Is there anything you guys can tell me to get this under control to a managable situation?  Ive got an extra bag of wood and charcoal to keep trying with.  But i feel like im getting no where.  I would add a piece of steel to even out temps but local steel yards are closed.  Anything guys???

Thanks all in advance! 

PS, i can deal with un-even to an extent, i can force the meat to one side to get this done, but maintaining that temp is killing me!

thanks!

Kyle


----------



## thsmormonsmokes (Aug 16, 2013)

Here are my thoughts, in no particular order.

1. A water pan is a phenomenal temperature regulator.  I'm also a CGSP owner.  It does wonders in helping to even out smoking temps.

2. Minion method.  That helps keep temps relatively steady for long chunks of time.  But you need a basket of some sort to do this, and you might not be able to do that on this smoke.

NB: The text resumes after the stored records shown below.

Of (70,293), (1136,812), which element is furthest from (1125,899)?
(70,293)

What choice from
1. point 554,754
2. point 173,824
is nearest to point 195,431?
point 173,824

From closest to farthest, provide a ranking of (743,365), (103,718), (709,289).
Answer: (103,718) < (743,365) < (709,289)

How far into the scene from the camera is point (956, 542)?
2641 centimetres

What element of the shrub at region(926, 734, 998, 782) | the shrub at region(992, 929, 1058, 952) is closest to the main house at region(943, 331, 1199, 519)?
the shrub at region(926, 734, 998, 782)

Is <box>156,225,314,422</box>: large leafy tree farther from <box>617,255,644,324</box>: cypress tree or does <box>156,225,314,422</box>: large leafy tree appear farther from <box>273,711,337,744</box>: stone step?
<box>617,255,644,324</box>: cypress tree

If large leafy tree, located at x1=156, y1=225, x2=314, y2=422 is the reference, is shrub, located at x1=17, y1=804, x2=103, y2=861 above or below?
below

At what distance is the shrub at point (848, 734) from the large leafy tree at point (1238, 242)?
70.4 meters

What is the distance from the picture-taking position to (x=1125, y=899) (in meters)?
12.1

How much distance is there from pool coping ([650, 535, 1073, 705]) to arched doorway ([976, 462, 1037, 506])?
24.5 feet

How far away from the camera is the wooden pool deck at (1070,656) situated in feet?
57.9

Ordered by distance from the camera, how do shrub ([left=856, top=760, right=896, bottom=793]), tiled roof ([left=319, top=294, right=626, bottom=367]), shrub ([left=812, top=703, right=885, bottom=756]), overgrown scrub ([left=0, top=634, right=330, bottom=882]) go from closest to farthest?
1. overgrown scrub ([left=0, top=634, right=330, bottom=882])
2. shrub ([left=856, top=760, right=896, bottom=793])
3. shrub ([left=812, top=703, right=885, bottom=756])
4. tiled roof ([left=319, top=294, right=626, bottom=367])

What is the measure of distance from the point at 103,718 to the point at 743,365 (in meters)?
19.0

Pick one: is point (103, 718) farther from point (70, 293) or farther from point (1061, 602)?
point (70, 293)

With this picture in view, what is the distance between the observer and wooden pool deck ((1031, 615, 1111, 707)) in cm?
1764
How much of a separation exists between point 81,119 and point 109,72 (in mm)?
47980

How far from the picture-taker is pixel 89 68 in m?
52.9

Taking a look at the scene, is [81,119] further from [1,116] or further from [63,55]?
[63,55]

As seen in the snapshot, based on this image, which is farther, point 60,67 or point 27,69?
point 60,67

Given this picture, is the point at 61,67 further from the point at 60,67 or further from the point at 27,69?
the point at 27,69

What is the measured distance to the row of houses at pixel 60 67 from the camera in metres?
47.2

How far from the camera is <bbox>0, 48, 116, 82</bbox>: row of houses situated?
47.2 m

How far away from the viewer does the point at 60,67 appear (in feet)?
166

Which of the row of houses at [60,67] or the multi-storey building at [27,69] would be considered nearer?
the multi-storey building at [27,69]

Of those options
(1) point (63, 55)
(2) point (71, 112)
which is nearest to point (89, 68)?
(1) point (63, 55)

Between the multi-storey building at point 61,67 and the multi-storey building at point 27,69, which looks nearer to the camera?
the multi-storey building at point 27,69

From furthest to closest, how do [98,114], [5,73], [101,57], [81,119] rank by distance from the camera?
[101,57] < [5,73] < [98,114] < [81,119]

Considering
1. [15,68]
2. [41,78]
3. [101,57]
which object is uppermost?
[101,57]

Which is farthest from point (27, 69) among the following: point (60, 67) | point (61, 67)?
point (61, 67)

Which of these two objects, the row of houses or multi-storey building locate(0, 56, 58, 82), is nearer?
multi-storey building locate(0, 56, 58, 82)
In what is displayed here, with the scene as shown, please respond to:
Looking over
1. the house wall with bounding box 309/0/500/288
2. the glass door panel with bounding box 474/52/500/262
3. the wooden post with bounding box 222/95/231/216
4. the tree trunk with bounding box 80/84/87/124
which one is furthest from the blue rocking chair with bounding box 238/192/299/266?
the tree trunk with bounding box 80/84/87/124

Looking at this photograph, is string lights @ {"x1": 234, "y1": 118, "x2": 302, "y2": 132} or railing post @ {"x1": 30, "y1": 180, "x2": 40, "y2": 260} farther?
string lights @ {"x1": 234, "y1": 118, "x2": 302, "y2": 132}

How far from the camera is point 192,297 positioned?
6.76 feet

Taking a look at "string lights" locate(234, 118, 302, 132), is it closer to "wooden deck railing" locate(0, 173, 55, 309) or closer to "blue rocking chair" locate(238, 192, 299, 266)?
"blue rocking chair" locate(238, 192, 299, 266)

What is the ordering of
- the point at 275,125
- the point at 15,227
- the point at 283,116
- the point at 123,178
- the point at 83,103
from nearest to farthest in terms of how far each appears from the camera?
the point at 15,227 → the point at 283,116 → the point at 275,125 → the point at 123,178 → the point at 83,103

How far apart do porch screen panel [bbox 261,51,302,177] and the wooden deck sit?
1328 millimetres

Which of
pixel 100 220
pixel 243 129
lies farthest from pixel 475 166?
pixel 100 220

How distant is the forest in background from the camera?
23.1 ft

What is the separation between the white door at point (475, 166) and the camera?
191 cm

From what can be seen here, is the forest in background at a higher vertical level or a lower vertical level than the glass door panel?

3. You're going to need to check on it every 1.5 hours in any event.  If you're looking for set it and forget it type of temp consistency, an offset is not what you're looking for.  At least not that offset.  You have to keep a close eye on them and learn how they run.

4. This is the most helpful thread on this site for a CGSP.  There's about 6 years worth of input on modding the CGSP: http://www.smokingmeatforums.com/t/58778/char-griller-smokin-pro-with-firebox-mods

5. Don't rely on the thermo that comes with the smoker.  It is totally inaccurate and totally unreliable.  

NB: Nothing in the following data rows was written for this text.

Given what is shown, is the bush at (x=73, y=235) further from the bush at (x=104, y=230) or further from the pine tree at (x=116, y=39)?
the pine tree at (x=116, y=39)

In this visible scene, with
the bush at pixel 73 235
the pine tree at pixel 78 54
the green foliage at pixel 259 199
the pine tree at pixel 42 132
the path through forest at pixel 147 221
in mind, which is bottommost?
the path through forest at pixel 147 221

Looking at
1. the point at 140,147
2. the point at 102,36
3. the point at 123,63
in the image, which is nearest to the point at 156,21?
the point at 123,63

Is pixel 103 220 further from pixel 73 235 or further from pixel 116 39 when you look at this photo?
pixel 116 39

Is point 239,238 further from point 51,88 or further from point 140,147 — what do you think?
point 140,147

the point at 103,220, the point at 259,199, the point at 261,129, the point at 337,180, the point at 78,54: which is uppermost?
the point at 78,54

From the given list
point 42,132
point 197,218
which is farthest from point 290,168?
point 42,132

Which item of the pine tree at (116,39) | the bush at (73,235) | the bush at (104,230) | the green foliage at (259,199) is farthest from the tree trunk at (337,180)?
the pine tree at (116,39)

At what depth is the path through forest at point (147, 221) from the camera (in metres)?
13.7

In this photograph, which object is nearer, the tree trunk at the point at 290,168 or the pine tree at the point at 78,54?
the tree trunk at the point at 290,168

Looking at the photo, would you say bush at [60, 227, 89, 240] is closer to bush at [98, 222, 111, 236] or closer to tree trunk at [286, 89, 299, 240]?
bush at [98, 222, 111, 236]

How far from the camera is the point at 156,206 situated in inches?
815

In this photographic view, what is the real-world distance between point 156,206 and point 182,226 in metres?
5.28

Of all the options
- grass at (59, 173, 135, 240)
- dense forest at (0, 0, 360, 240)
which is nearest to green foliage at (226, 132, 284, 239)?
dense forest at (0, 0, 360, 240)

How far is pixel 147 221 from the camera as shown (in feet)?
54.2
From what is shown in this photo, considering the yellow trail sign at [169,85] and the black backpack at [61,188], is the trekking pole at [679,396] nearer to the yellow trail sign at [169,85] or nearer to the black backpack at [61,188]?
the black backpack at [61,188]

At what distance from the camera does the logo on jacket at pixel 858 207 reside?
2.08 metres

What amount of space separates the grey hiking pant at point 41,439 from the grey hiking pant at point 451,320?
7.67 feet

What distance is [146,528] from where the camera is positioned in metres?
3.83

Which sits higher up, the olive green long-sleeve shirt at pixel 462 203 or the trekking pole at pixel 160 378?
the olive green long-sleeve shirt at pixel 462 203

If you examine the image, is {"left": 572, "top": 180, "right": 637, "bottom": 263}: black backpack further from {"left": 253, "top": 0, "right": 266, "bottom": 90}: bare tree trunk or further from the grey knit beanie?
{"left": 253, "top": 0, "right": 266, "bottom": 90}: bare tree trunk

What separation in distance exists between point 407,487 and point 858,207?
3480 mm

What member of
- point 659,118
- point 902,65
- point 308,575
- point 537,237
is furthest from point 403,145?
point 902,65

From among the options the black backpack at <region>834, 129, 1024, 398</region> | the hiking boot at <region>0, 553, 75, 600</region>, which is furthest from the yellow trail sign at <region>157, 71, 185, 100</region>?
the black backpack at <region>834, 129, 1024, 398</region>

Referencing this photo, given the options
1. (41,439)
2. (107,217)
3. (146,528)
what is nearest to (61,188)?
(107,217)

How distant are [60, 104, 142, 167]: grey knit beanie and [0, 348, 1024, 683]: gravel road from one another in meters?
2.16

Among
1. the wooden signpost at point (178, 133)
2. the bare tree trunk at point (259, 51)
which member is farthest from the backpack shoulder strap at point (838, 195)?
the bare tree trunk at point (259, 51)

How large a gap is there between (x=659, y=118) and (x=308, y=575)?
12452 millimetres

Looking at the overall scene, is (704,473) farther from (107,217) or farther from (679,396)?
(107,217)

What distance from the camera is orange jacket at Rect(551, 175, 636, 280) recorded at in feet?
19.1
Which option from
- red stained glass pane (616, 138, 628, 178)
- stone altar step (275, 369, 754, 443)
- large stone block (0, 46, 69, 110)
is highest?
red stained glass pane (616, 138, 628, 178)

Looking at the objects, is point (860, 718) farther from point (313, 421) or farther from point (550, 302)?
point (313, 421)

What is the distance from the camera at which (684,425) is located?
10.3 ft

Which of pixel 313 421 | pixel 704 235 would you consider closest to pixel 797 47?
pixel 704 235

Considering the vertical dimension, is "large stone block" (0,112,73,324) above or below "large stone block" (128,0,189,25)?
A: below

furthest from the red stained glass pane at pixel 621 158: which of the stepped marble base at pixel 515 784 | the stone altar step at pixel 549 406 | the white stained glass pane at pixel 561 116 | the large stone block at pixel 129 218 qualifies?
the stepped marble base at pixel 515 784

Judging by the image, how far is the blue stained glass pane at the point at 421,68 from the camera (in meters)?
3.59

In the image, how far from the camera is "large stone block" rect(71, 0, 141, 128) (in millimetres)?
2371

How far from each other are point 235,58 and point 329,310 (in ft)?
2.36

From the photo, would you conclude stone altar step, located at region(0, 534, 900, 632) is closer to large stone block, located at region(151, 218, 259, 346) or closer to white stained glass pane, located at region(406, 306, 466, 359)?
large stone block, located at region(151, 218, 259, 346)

6. If you're adding a lot of apple wood chunks, it's going to burn hot, especially when the wood is in flames.  It mellows out as it shifts to low flame/coal.  It's possible you're giving it too much of that type of fuel.  Wood burns different than coal, particularly briquettes.  Fruit woods burn really hot.

7. How hot is it running on you?  I've run mine as hot as 270 during a smoke after re-stoking the fire, and that's not a problem for pulled pork.  Pork butts are very forgiving over temperature fluctuations.  If it was a brisket, that would be a different story.

8. Foil around the cooking chamber as well.  You're going to lose a lot more cooking heat there than you will around the SFB.

9. If you're really worried about uneven temps across the grate, rotate the roast halfway through your smoke.

It's a tough smoker to keep running even.  Tuning plates help a lot.  But on my last smoke, it took several hours before it started running even across the grates.  Some people report better results than I've gotten, but that's the best I've been able to do.  I've entertained the idea of modding mine to run reverse flow, but I'm not quite that motivated at this point.

Just keep an eye on your meat's internal temps.  As long as you get your IT to about 195, your finished product will be fine.  200-205 pulls even better, but it will pull nicely at 195.  Or poke it with a kabob skewer to test.  When it's ready to be pulled, it will feel like pushing it through room temperature butter.


----------



## thsmormonsmokes (Aug 16, 2013)

And post pics of what you're working with.  You'll get better feedback if people can see what it's looking like.  You know, 1,000 words or something.


----------



## jax04 (Aug 16, 2013)

Thanks man!  Much appreciated!

I was getting up to the 250s at some points and trying to dial it back.  I was keeping my Vents open only about 1/4" or so and that doing ok.  It did flame up but would not stay going for the 1.5 hours you are talking about.

If i want to use the apple wood, should i start the smoke on charcoal then just add wood to keep her going? 

I know i only need to smoke about half the cook time then wrap her up and cook right???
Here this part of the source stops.